There are seven CaMs in Arabidopsis, the amino acid sequences of which are highly similar (Supplemental Fig. S6), suggesting functional redundancy among CaM proteins (Toutenhoofd and Strehler, 2000). Therefore, a single mutant of CaMs may not have any distinct phenotype. We used CaM5 as the representative of CaMs to prove that CaMs or CMLs (CaM-like) can affect the activity of CAT2 enzyme through IQM1 in vitro (Fig. 5D). However, since these were in vitro experiments, does IQM1 really mediate the processes of CaM to disease resistance in planta when plants are challenged by pathogens? To this end, we generated the transgenic lines pIQM1::IQM1^∆IQ/iqm1-1 with IQ motif mutation. Because the IQ motif is the binding site between IQM1 and CaMs (Zhou et al., 2012), the binding of IQM1 to all CaMs was blocked by IQ motif mutation. Our results showed that pIQM1::IQM1^∆IQ cannot rescue the disease resistance defect of iqm1-1 to the wild-type level (Supplemental Fig. S1), which was consistent with the results of enzyme activity in vitro (Fig. 5D), suggesting that IQM1 is the key factor connecting CaM signal to CAT2. To sum up, our study gets through several key regulatory factors of the plant disease resistance pathway, in order CaM, CaMBP, ROS, and JA biosynthesis, and provides new insights for further understanding the mechanisms of plant defense responses.

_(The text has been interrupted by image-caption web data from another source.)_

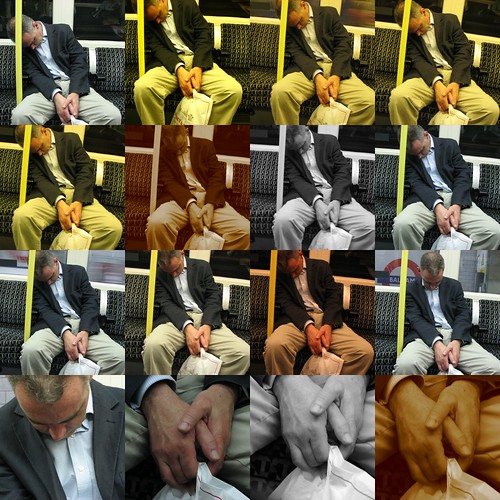 Asleep on the Northern Line (I have a new camera)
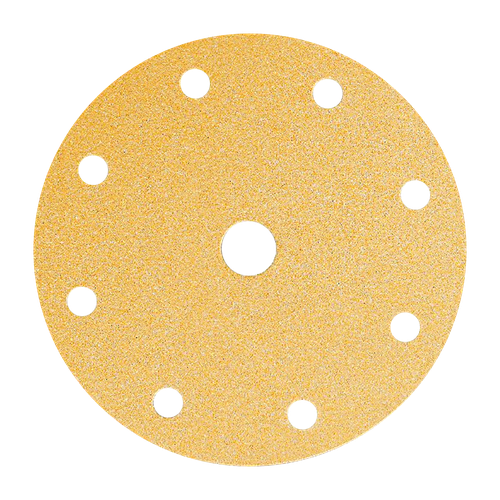 Фото товара "GOLD Шлифовальный бумажный диск, специальный оксид алюминия, 9 отверстий, 150 мм, Р220"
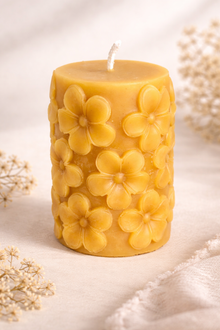 Hand Poured/ Rolled Beeswax Candles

According to previous studies, some proteins can regulate the function of CAT2 at the transcriptional and protein levels. For example, G-Box-Binding Factor1 (GBF1) inhibits the expression of CAT2 by binding to the G-box motif in the CAT2 promoter sequence in Arabidopsis, resulting in activity loss of CAT2 in leaf senescence. Overexpression of GBF1 results in the accumulation of H₂O₂ in plants, thus enhancing resistance to bacterial pathogens (Giri et al., 2017). In our research, IQM1 directly interacted with CAT2 in vivo. The expression of CAT2 was inhibited in the iqm1-1 mutant under B. cinerea infection (Fig. 3D), which may have been associated with direct or indirect effects of IQM1. On the other hand, IQM1 directly stimulated the enzyme activity of CAT2 through its interaction (Fig. 5, C and D). These results reveal that IQM1 can regulate the functions of CAT2 at both the transcriptional and protein levels, indicating the complexity of the JA pathway in regulating the plant disease resistance response.

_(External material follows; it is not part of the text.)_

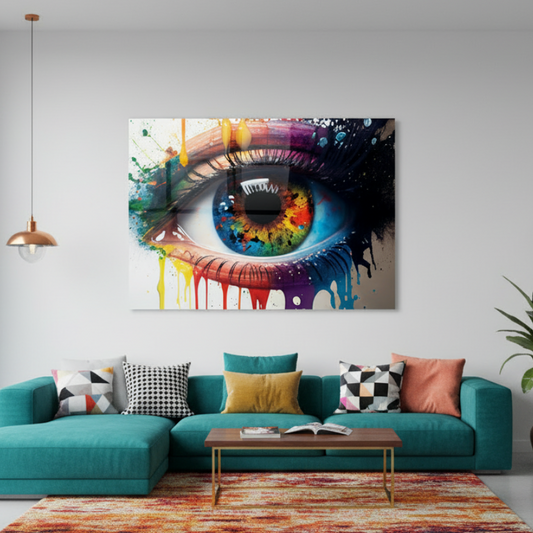 Azure Occhio Quadro in Vetro Temperato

Our previous study showed that IQM1 is located in the nucleus and cytoplasm in onion (Allium cepa) epidermal cells (Zhou et al., 2012). In this study, we found that IQM1 interacts with CAT2/3 in the peroxisome (Fig. 2B). It has been reported that CAT2 and CAT3 are antioxidant enzymes located in the peroxisome lumen and that catalase activity is regulated by environmental stimuli (Li et al., 2015). Whether the interaction between IQM1 and CAT2/3 was affected by abiotic stress and whether CAT2/3 recruited IQM1 to the peroxisome from the nucleus or cytoplasm remained unknown. Considering that the previous subcellular localization experiments were carried out in onion epidermal cells, due to species differences, the findings of those experiments may not reflect the true localization of the AtIQM1 gene in the native species Arabidopsis. Therefore, we again conducted a subcellular localization assay with Arabidopsis protoplast cells to confirm the localization of AtIQM1 and found that IQM1 was located in the nucleus, cytoplasm, and peroxisome under normal conditions (Supplemental Fig. S7), suggesting that the interaction between IQM1 and CAT2/3 is not induced by stress and that the role of IQM1 in promoting CAT2 is widespread and fundamental.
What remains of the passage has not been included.